A CRT is a trust established for the benefit of a charitable organization under which the trustor receives income from an asset for a set number of years or for the trustor’s lifetime. It is a tool that enables you to reduce or virtually eliminate capital gains tax on the sale of an asset funding the CRT, claim an income tax deduction, or receive income and make a gift to the charity or charities of your choice. Upon the termination of the trust, the asset reverts to the charitable organization. The trustor receives a charitable contribution deduction in the year in which the trust is established, and the assets placed in the trust are exempt from capital gain tax.
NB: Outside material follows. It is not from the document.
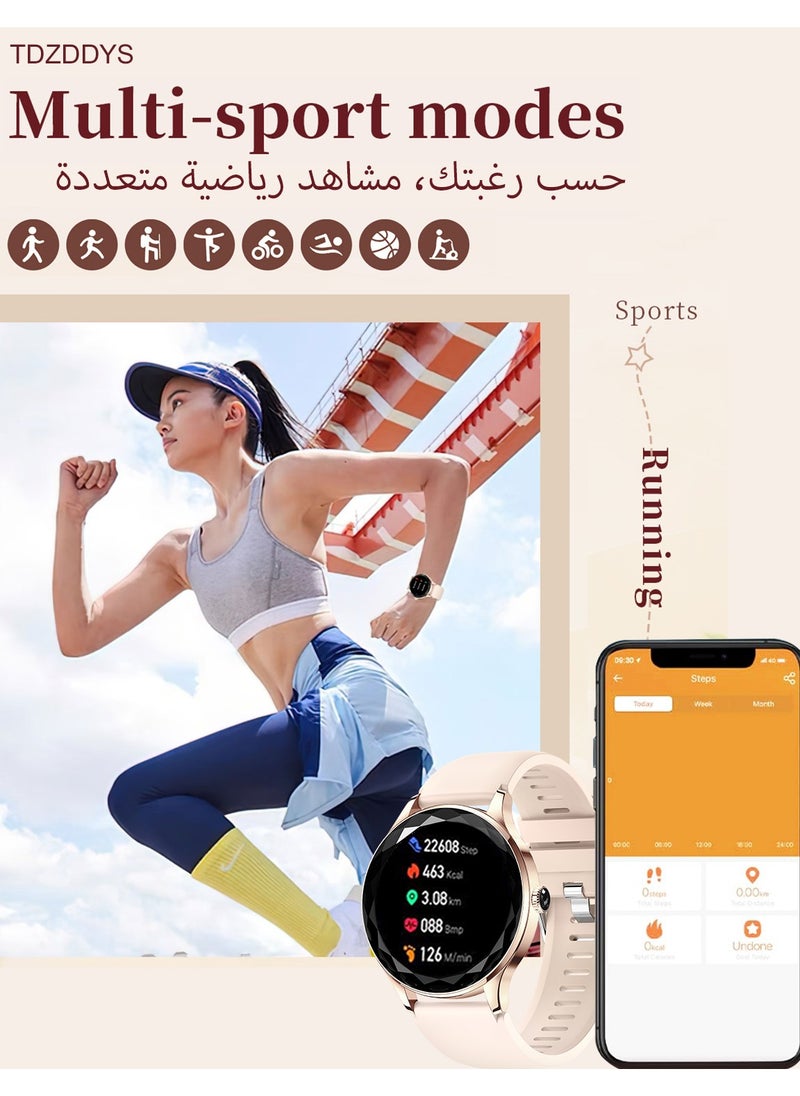 TDZDDYS ساعة ذكية نسائية TDZDDYS (الرد/الاتصال)، شاشة عرض برزم كت عالية الدقة بمقاس 1.27 بوصة، تتبع الصحة على مدار 24 ساعة، أكثر من 100 وضع رياضي، متوافقة مع هواتف iOS وAndroid  - Image 5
What You Will Learn in This Video
- Why a CRT is an excellent end game strategy for an investor who is ready to sell their properties and retire
- The three major benefits of a CRT: bypass capital gains, increased income, charitable donations
- How a CRT may provide a steady income stream larger than the net rental income the investor was receiving
- An overview of the two major types of CRTs and the types of income they provide
- The best time to set up a CRT when selling your property and when it is too late to establish one
- CRTs and inheritance
- Why it is important to work with an experienced planned giving officer or gift planning officer
If you are an investor looking for an exit strategy, CRTs are just one more great option for you to choose from. Not only will you get a lifetime income, but also a charitable deduction and the ability to leave a legacy with your favorite charity.Read the Full Transcript
Tina Colson: Hi, I’m Tina Colson with Equity Advantage. I’m thrilled to be here today with the Lon Dufek, senior manager of the Office of Gift Planning with Providence Foundations of Oregon. When our clients are ready to sell their properties and retire, they’re always hit with this heavy capital gains tax. The good news is we have a variety of options and end games to offer those clients to help mitigate the tax consequences.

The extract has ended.